Today, progressive Jewish American activists are descending on the New York City headquarters of Birthright, an educational organization that funds and organizes trips to Israel for Jews living in the diaspora.

The Birthright program supports trips for tens of thousands of young Jewish Americans each year. Critics say the tours hide the geopolitical and humanitarian reality of the Israeli-Palestinian conflict, and whitewash Israeli human-rights abuses and illegal military occupation.

Led by the activist group IfNotNow, the demonstrators are demanding that Birthright better reflect the complexities of the situation in Israel, Jerusalem, the West Bank and the Gaza Strip. The action has particular significance, given the current debates about anti-Semitism in U.S. politics that have highlighted growing fault lines in America’s Jewish communities over support for Israel.

“The debate over Birthright is the latest and clearest symbol of the generational divide in the American Jewish community around Israel,” an IfNotNow press release said, noting that hundreds of people were attending its demonstration.

IfNotNow spokesperson Yonah Lieberman told Newsweek that the protest marked “Birthright's last chance. They're going to make a choice. And whatever choice they make—whether it be the progressive values of our generation or the pro-occupation interests of its donors—sends a strong message about whether Birthright is going to remain relevant to American Jews in the coming years.”

Lieberman said IfNotNow believed it had given Birthright “a fair chance” to respond to its demands.

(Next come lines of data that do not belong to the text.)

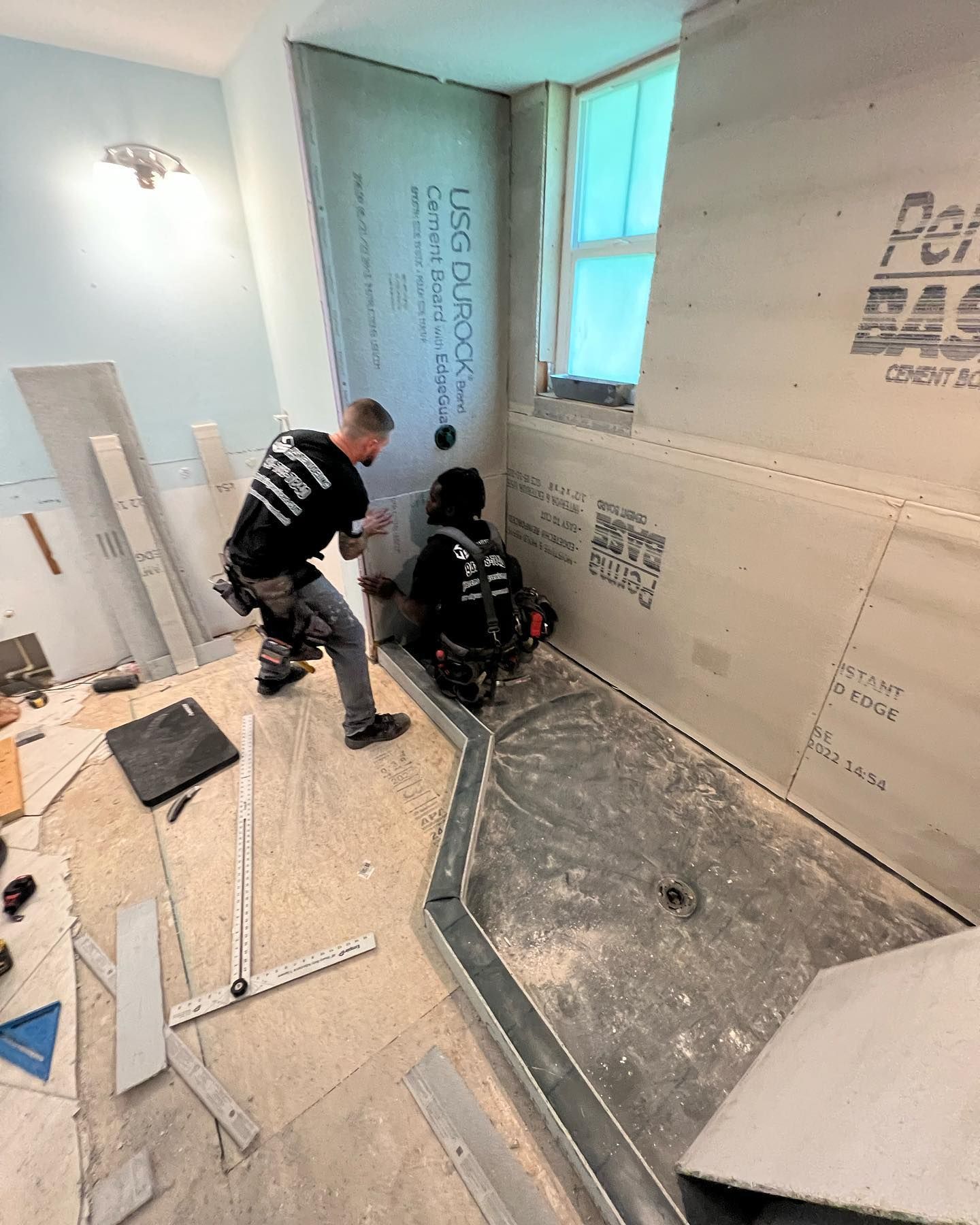 Two workers installing shower wall panels in a bathroom remodel; one uses a circular saw.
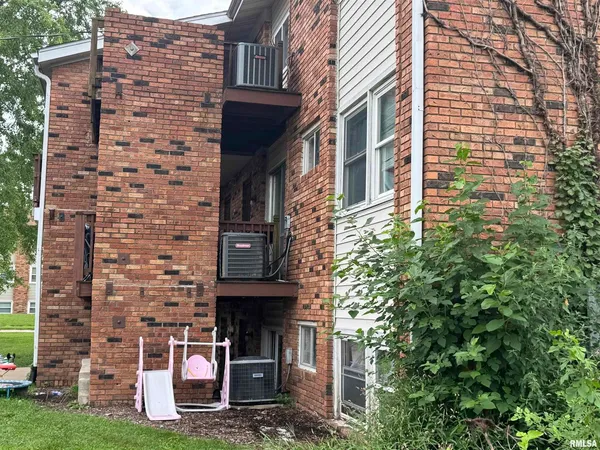 a brick building with a outdoor space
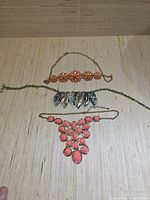 Three vintage costume jewelry necklaces laid side by side on a wooden surface, showing colors and designs distinctly.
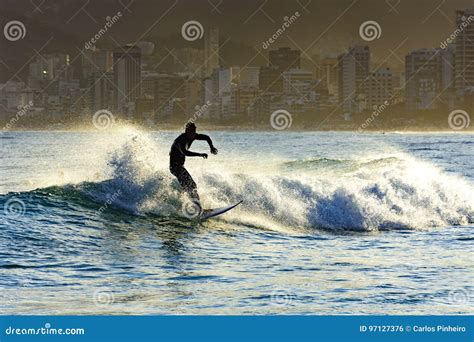 Surfing on Ipanema beach editorial photo. Image of arpoador - 97127376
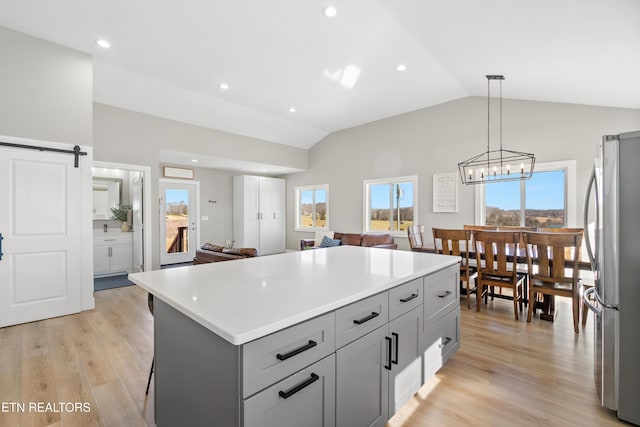 kitchen featuring light wood-type flooring, freestanding refrigerator, vaulted ceiling, and a barn door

“We've been asking them to make simple changes like adding green line [the 1949 armistice border between Israel and its Arab neighbors, established following the 1948 War of Independence] to maps they give the participants, and like talking about the occupation at their mandatory geopolitical program,” he said.

“These aren't radical changes…and still Birthright is not only refusing to make the changes, but refusing to engage with us in any meaningful way. And this is why we're going to the headquarters. If they're going to refuse to engage with us, then we're going to go to their headquarters, and we're going to force them to engage with us in the streets.”

A Birthright Israel spokesperson said the organization is "apolitical," adding, "We encourage our tens of thousands of participants each year to challenge themselves by asking difficult questions and engaging in conversations with our educators and their peers, including Israeli participants."

"IfNotNow maintains a radical approach to an agenda they know does not align with the facts. Birthright Israel provides a multifaceted view of Israel, Jewish heritage and Jewish values. This includes ever evolving and appropriately nuanced discussions of the geopolitical realities in Israel, including the conflict, and meetings with Israeli Arabs and other minorities in Israel. We do not respond to threats and demands from political activists leveraging our long-standing good reputation in order to advance their agendas."

IfNotNow’s latest protest comes amid national conversations over hate speech, anti-Semitism and whether the U.S. should continue to support an increasingly right-wing Israeli government.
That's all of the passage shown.